## TASK ITEM
Every line from the one holding "4 Time + Tide" through the one holding "Ikan Bandeng Krispi" in the data below must be returned exactly, both ends included, with pictures left out and nothing else added.

## RECORDS PROVIDED
==========
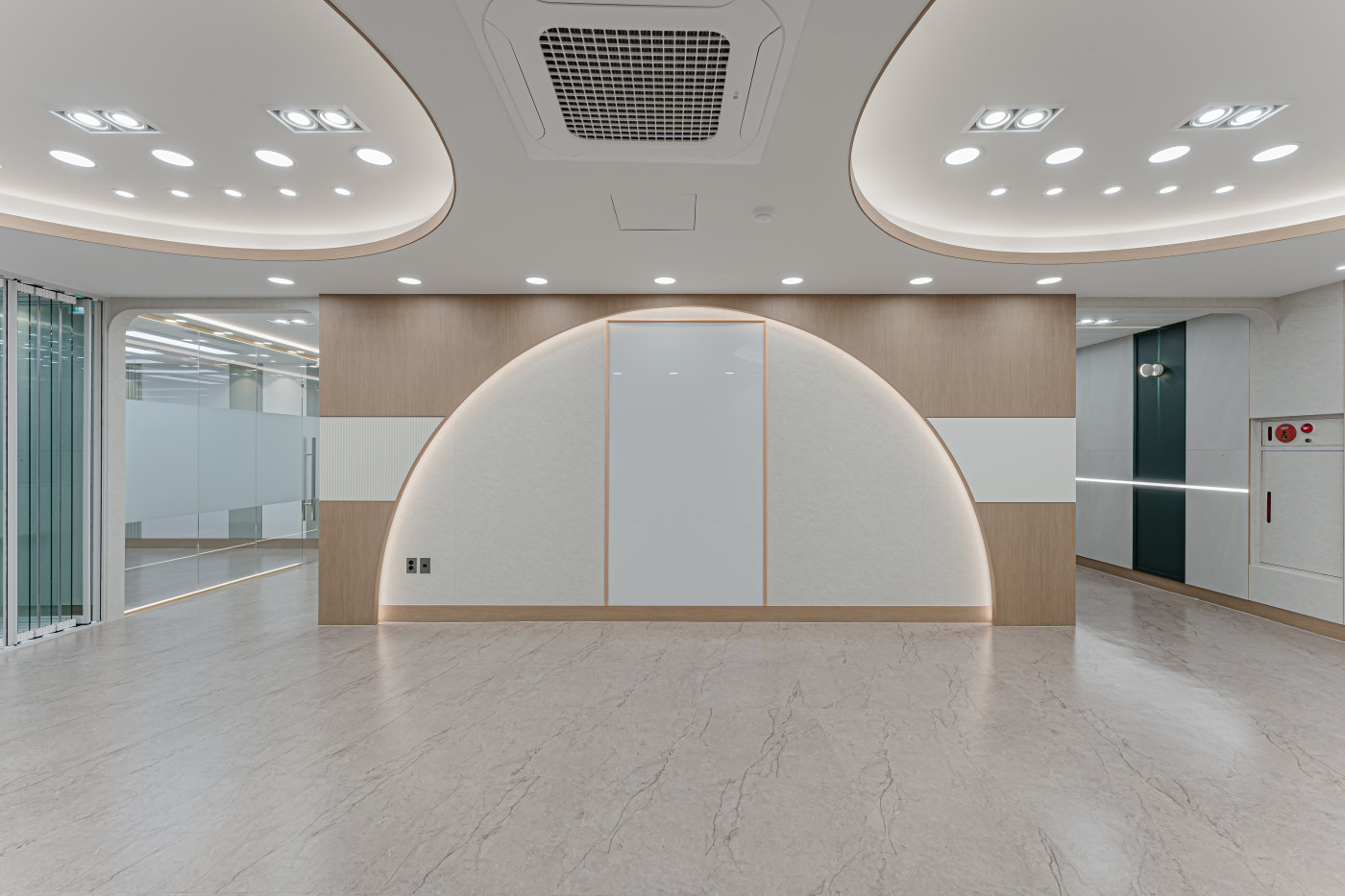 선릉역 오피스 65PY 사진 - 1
==========
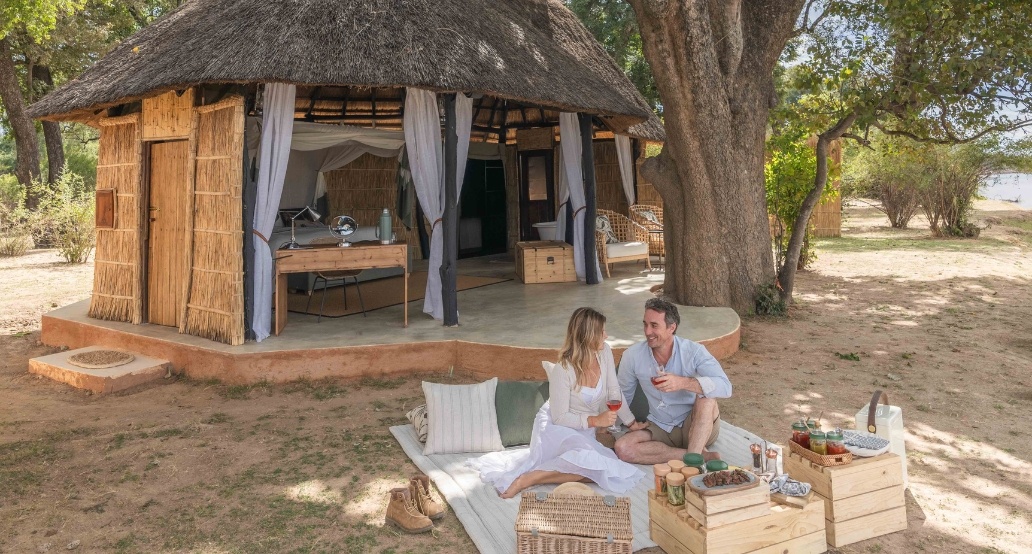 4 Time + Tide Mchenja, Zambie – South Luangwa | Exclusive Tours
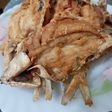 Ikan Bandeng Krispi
==========
## OUTPUT
 4 Time + Tide Mchenja, Zambie – South Luangwa | Exclusive Tours
 Ikan Bandeng Krispi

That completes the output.